70 years later and there's been no trace of the passengers or crew discovered.
Articles here: https://en.wikipedia.org/wiki/1950_Douglas_C-54D_disappearance and here http://www.ruudleeuw.com/search137.htm and here: https://www.warhistoryonline.com/cold-war/disappearance-of-a-usaf-c-54.html
Operation Mike still continues on facebook: https://www.facebook.com/OperationMike/
The plane is believed to have crashed somewhere along the BC/Yukon border, although there are those that think it may have crashed further south (there are rumors that it may have crashed in the Cranbrook Forest district, or going over Crowsnest pass, although it seems unlikely that with the increase in population & forestry work there it would still be undiscovered.)
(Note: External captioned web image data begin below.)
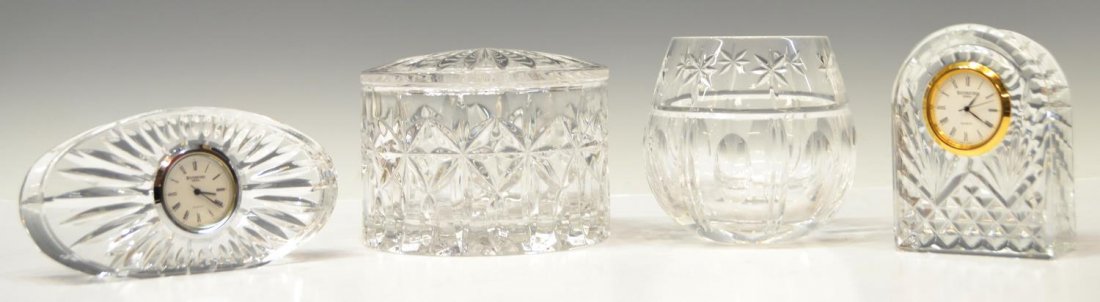 (4) WATERFORD CRYSTAL TABLE CLOCKS & COVERED BOX: (lot of 4) Collection of Waterford crystal: (1) diminutive table clock with gilt metal rim, 3.5"h, 2.5"w, 1.25"d; (1) covered box in Balmoral pattern, 2.75"h, 4.25"diam; (1) oval table clock, approx 2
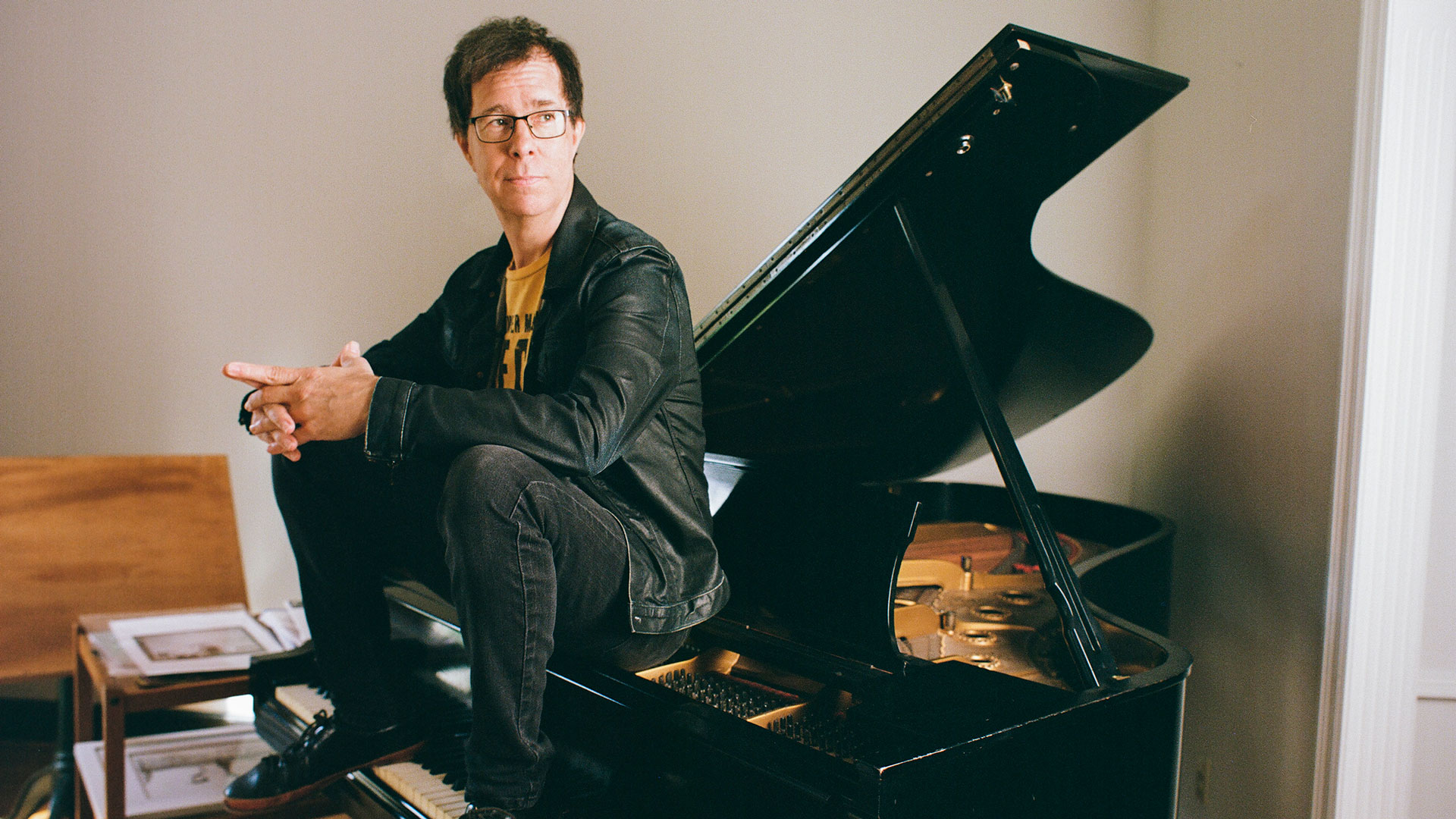 Ben Folds sitting on a piano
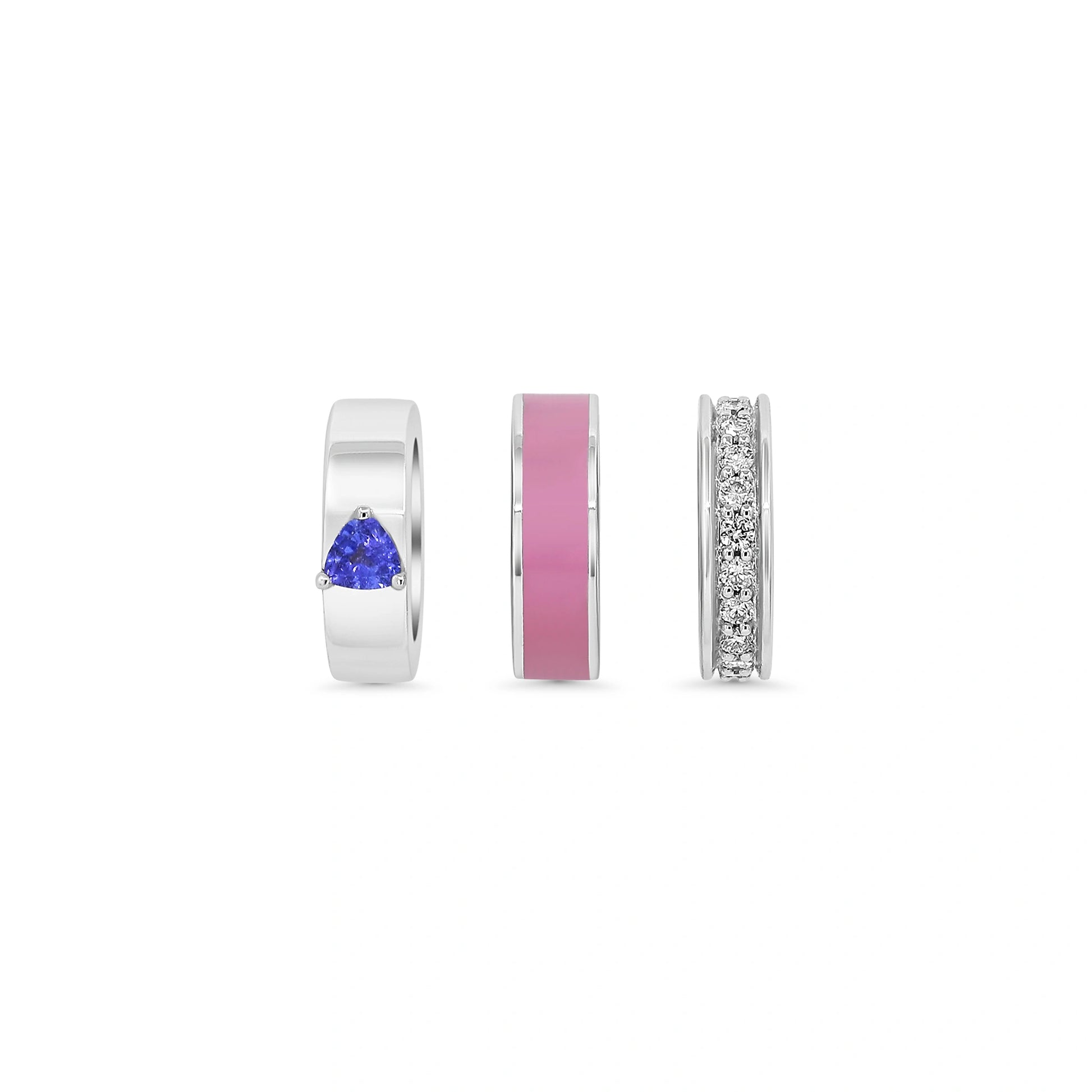 Three silver rings with gemstones on a white background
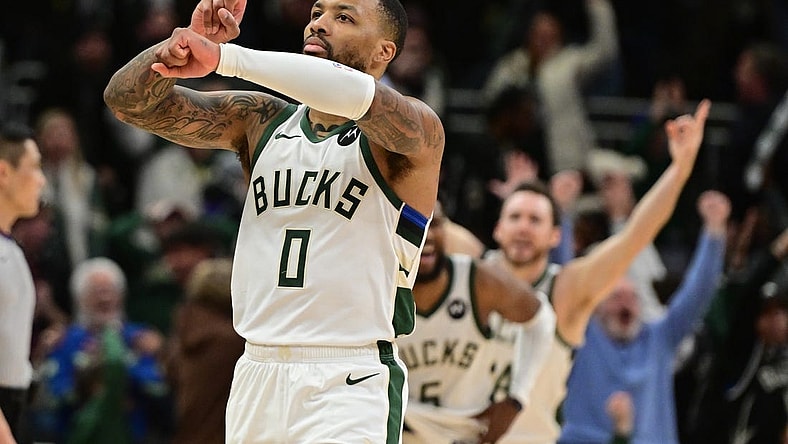 Jan 14, 2024; Milwaukee, Wisconsin, USA;  Milwaukee Bucks guard Damian Lillard (0) reacts after scoring the game-winning basket in overtime against the Sacramento Kings at Fiserv Forum. Mandatory Credit: Benny Sieu-USA TODAY Sports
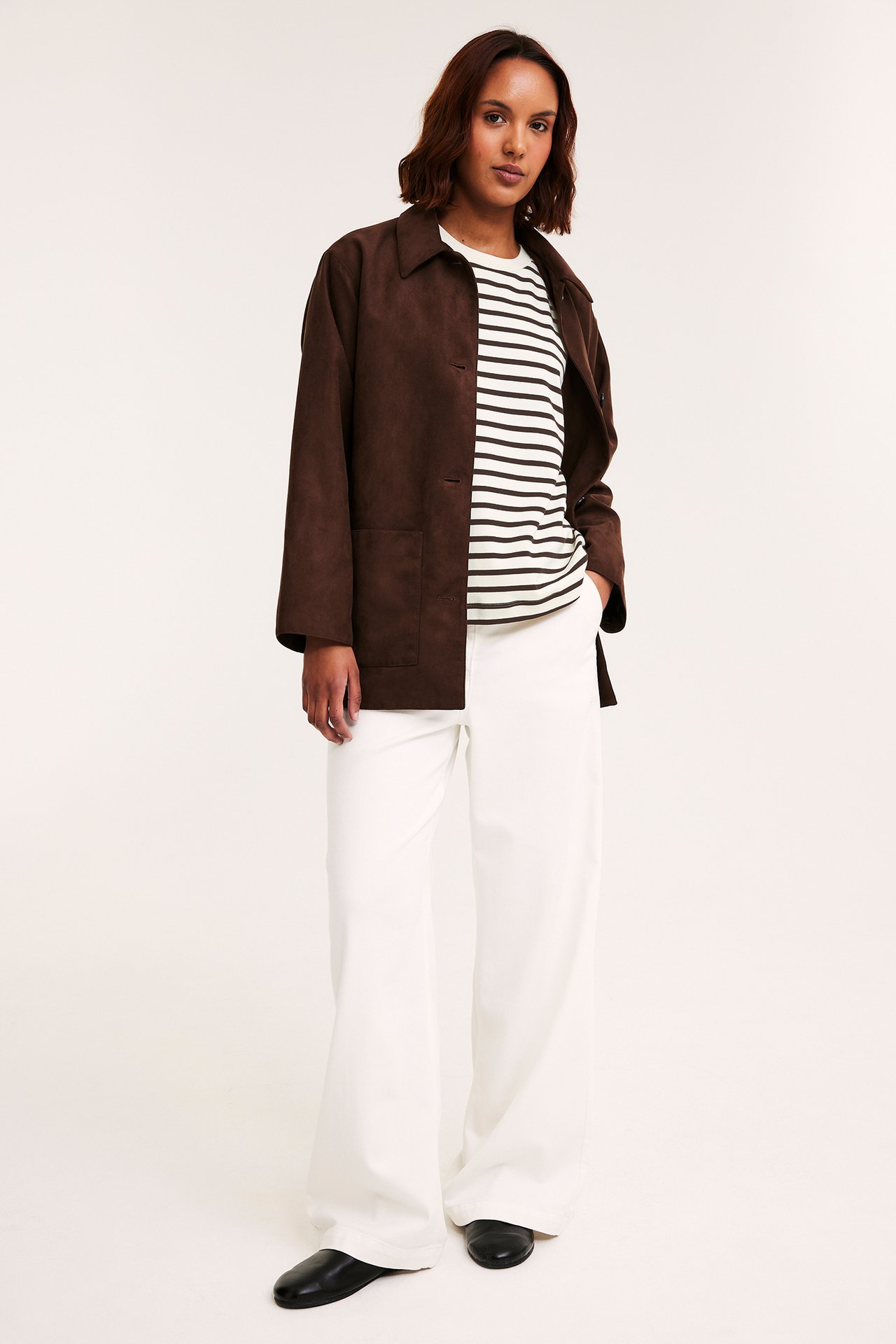 Framifrån: Kvinna i oversized vit och mörkbrun randig t-shirt, brun jacka, vita byxor, svarta skor.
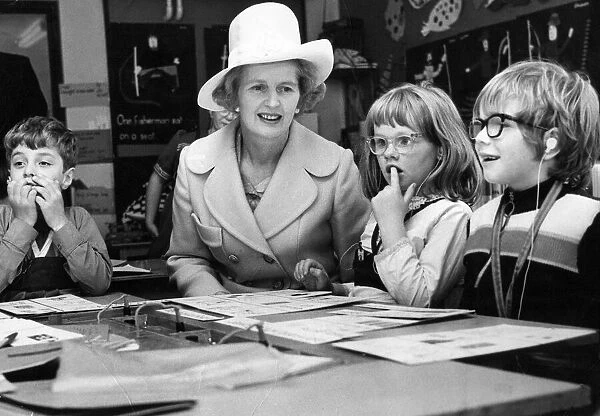 Margaret Thatcher sits with children taking a reading class at the Northern Councties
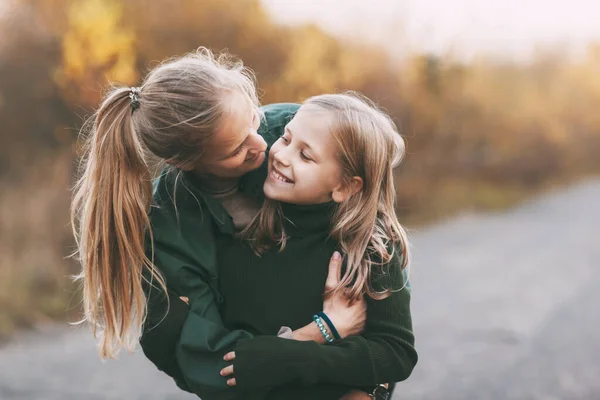 Portret van gelukkig volwassen moeder en haar blonde dochtertje knuffelen en lachen tijdens het wandelen in de herfst park buiten. — Stockfoto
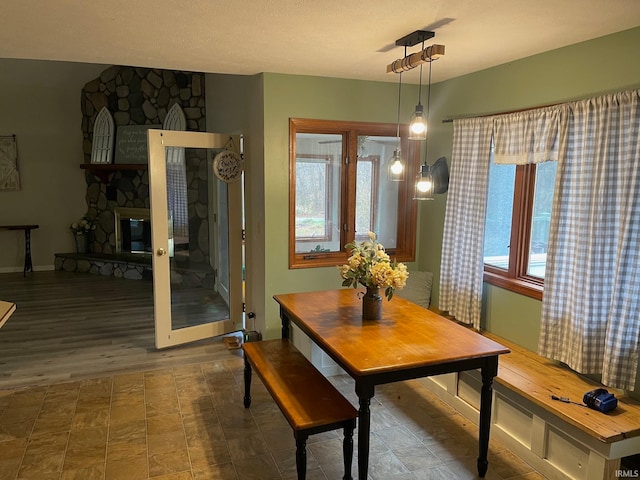 dining area with a fireplace, dark hardwood / wood-style floors, a healthy amount of sunlight, and a textured ceiling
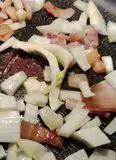 Immagine del passaggio 3 della ricetta Fusilli con pancetta in crema di fave e finocchi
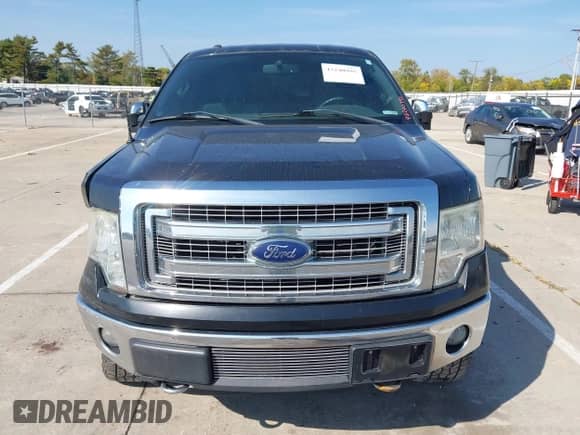 2013 Ford F-150 Lariat with VIN 1FTFW1ET3DKE67750, listed as a IAAI auction lot 43240995 with 159,269 mi miles and . Bid and sale history available at DreamBid. Image 12.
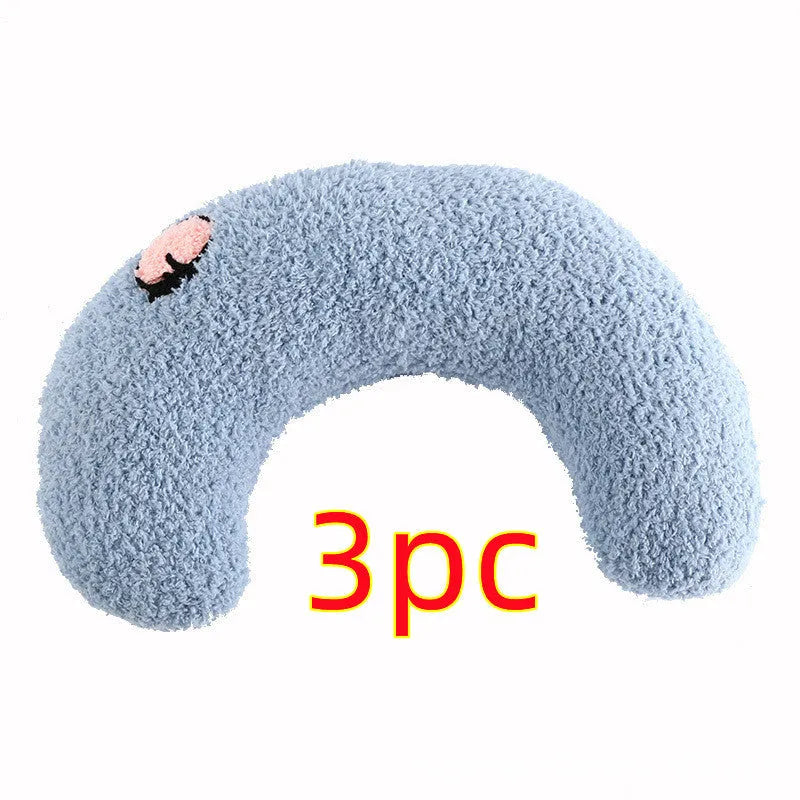 Small blue half-donut shaped pet pillow bed for cats or small dogs on a carpet.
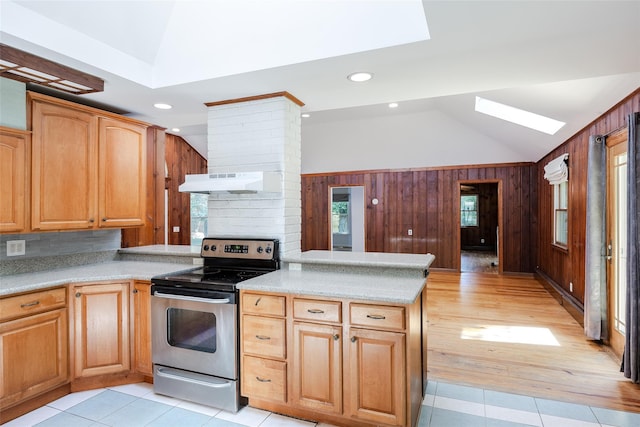 82A Union Ave, Center Moriches, NY 11934 - kitchen with stainless steel range with electric cooktop, ventilation hood, vaulted ceiling, wooden walls, and a peninsula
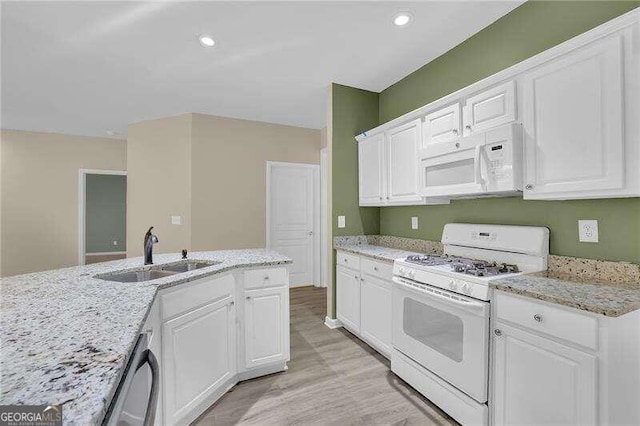 kitchen featuring sink, light stone countertops, white appliances, white cabinets, and light wood-type flooring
What is especially curious is the fact that intermittent SOS/distress calls were picked up for 2 weeks following the plane's disappearance, implying that it may have not met with a fiery end (as reported by one warden who reported hearing a "boom"), it may have landed relatively intact and the 44 occupants perished awaiting help. Cold weather, clouds and snow hampered search efforts and quite possibly the plane was entirely covered over and so went unspotted. Another is that it landed on a lake - and come spring sunk to the bottom with it's passengers. There are a few tales like this - try: https://www.cbc.ca/news/canada/calgary/baker-lake-bristol-freighter-underwater-discovery-1.4814719.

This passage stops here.